Using the listing below, give again exactly the lines from the line with "Mercedes-Benz E-Class — Фото автомобиля 5" to the line with "imposible cumplir con", inclusive, without the pictures.

=== DATA FOR PROCESSING ===
>>>>>

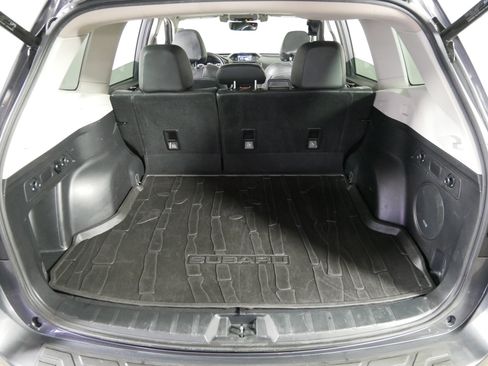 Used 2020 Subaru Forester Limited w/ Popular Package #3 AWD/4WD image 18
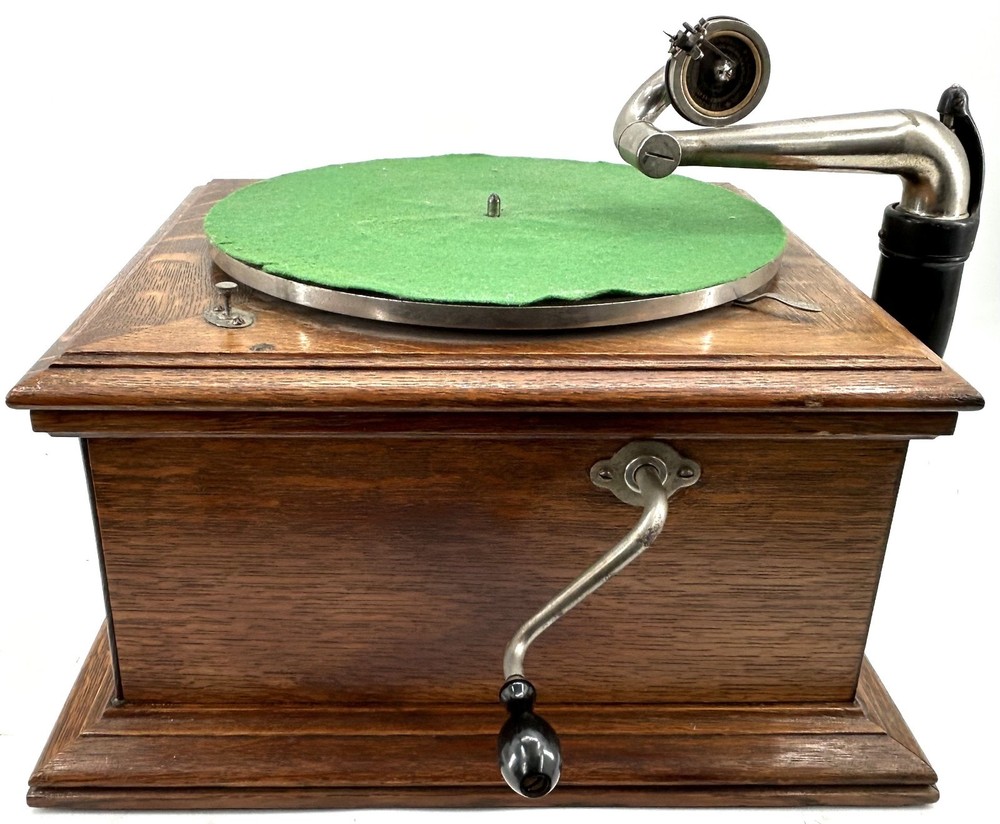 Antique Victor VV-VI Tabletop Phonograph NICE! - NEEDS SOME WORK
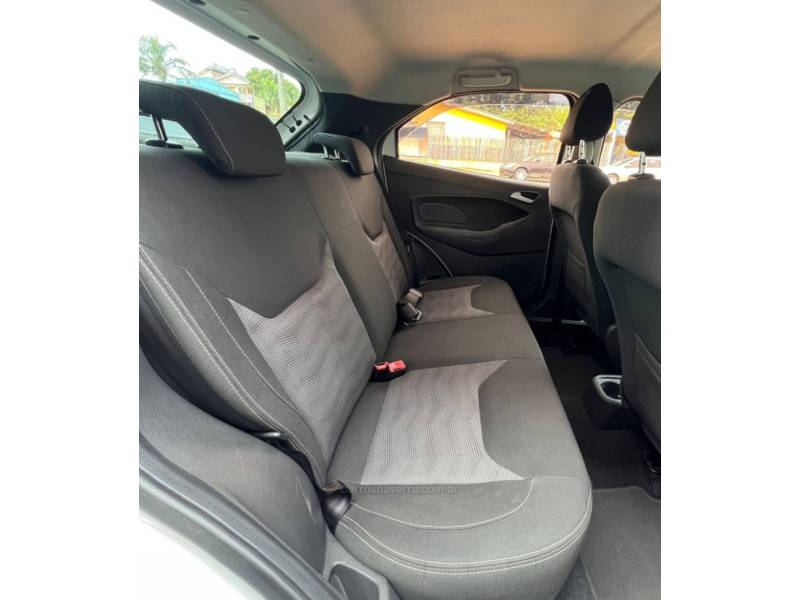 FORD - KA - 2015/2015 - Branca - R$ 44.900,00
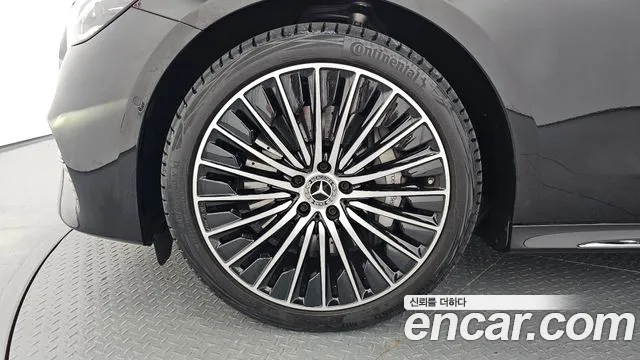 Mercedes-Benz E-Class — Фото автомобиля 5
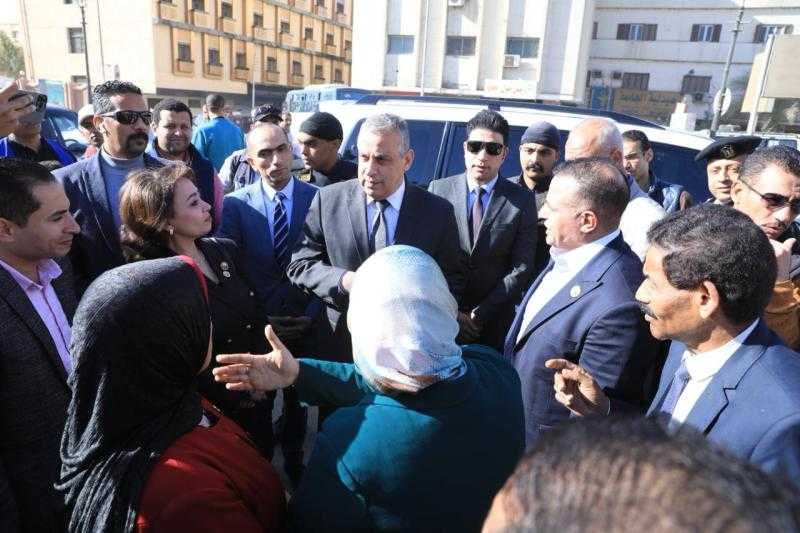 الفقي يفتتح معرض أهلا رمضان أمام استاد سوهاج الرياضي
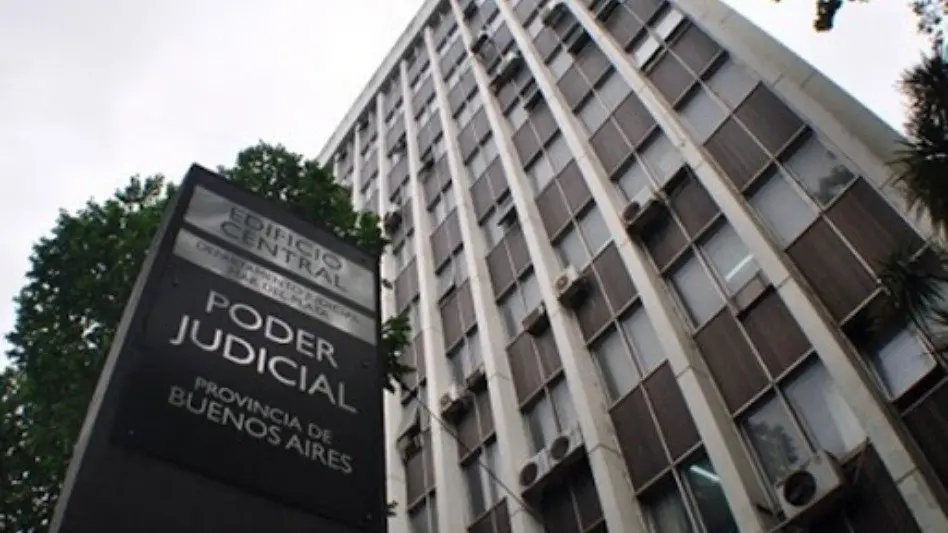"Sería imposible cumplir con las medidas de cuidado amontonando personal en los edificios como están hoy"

<<<<<
>>>>>

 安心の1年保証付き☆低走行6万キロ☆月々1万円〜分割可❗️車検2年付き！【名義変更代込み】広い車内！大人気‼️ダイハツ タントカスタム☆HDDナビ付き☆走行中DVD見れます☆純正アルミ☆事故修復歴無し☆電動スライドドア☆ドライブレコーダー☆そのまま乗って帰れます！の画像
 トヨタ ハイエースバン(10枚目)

<<<<<
>>>>>

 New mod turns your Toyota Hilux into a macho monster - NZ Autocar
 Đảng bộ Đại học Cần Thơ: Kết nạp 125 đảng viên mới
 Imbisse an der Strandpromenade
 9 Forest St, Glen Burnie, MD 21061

<<<<<

=== SOLUTION TO THE PROBLEM ===
 Mercedes-Benz E-Class — Фото автомобиля 5
 الفقي يفتتح معرض أهلا رمضان أمام استاد سوهاج الرياضي
"Sería imposible cumplir con las medidas de cuidado amontonando personal en los edificios como están hoy"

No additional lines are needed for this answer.